Sure, I mean, yes, certainly, to a degree… if you can live with some uncertainty. I outlined in the purpose section why this forecast is useful and more accurate than just looking at polling data. Generally, you can apply the same margin of error to it that the polls have (typically around 3 points in either direction) since the model is based to a large degree on polling data. I decided to exclude ranges of the margin of error from the charts for now since I feel that they do not add vital information.
I would encourage you to use this model in the way you would use any well researched-opinion on something.

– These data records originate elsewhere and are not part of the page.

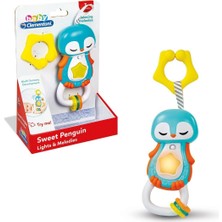 17331 Baby Clementoni - Interaktif Penguen Oyuncak +6 Ay
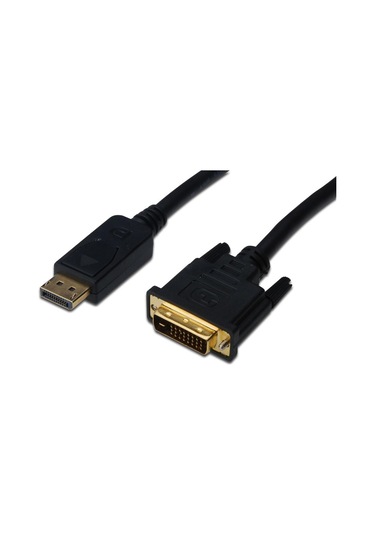 Digitus Ak-340306-020-S Displayport Dvı Kablosu Dp Erkek - Dvı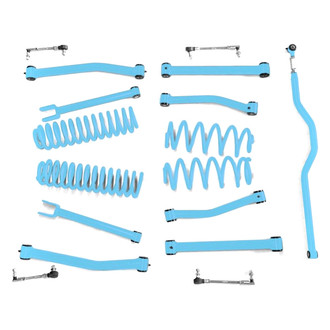 Steinjager® - Non-Adjustable Front and Rear Suspension Lift Kit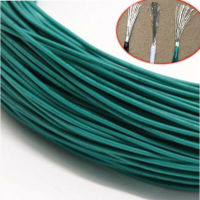 16 ~ 30awg Ul1007สีเขียวยืดหยุ่นลวดสายเคเบิลดีบุกทองแดงป้องกันสิ่งแวดล้อมสาย1/2/3/5/10เมตร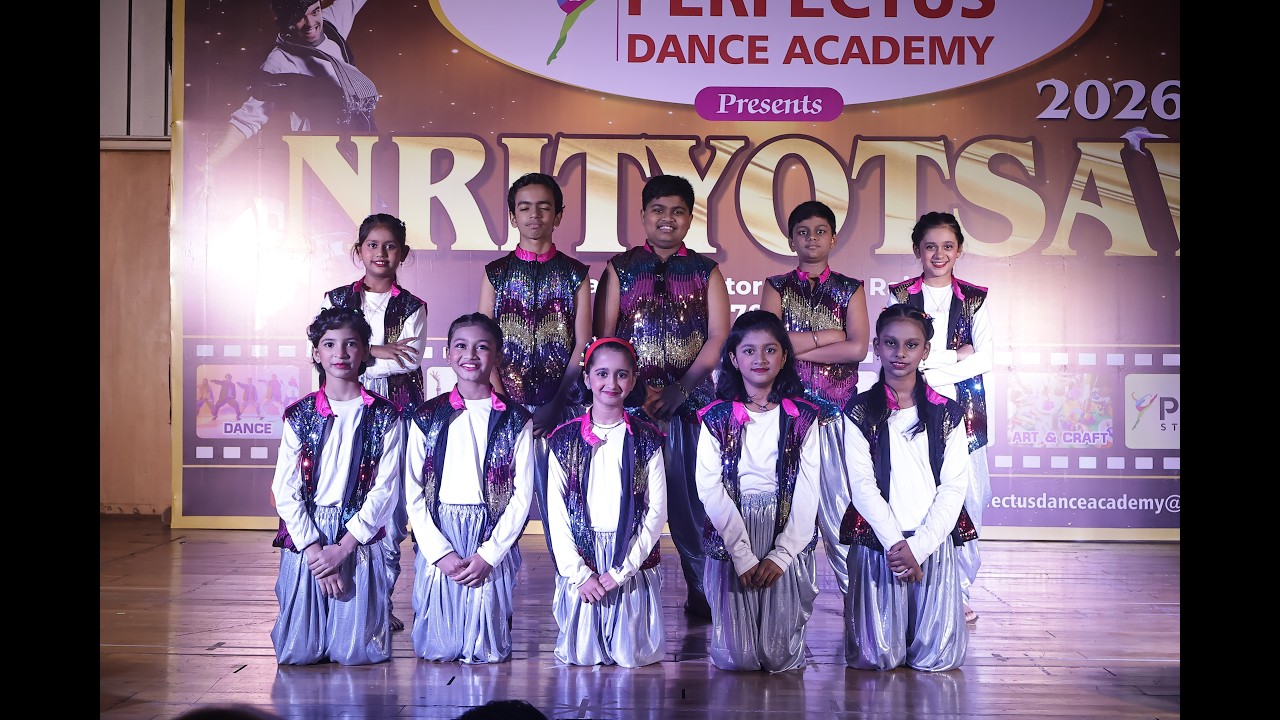 BOLLYHOP MEDLEY BY PRE TEEN KIDS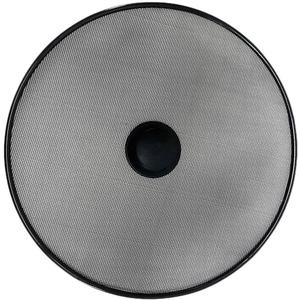 Kichvoe 10 Inch Stainless Steel Oil-Proof Mesh Splatter Screen Pan Splash Guard Anti Splatter Lid for Frying Pan Kitchen Cooking Accessory (25.00X25.00X3.00CM)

Vorcast’s accuracy can be statistically proven — but it also lies in the eye of the beholder. How important is it for you to know how strong the Grüne will be in this election? What are the repercussions of a weak CDU/CSU and a strong Linke? Why do you want to know if the SPD will make a comeback?
Predictive models try to show you a world that’s more likely to occur than not. If this model does its job right, you can look at it on any given day and you can see where things truly stand in German politics.
Sources
Polling data
Polling data is collected from https://www.wahlrecht.de/. The 8 polls that are featured in the average are:
Allensbach, Kantar Emnid, Forsa, Politbarometer, GMS, Infratest, INSA and Yougov
Forschungsgruppe Wahlen, Mannheim (2020). Politbarometer 1977-2019 (Partielle Kumulation) . GESIS Datenarchiv, Köln. ZA2391 Datenfile Version 12.0.0, https://doi.org/10.4232/1.13631.
Economic data
OECD (2021), Quarterly GDP (indicator). doi: 10.1787/b86d1fc8-en
Inspiration
To anyone who is remotely interested in this topic, it will be obvious that a huge inspiration was the work of 538, especially their presidential forecast. The Economists presidential model was also a big inspiration.
I also have to mention the conversations I had with my friend Rouwen Hirth, which are what got this project going in the beginning. Thanks, Rouwen!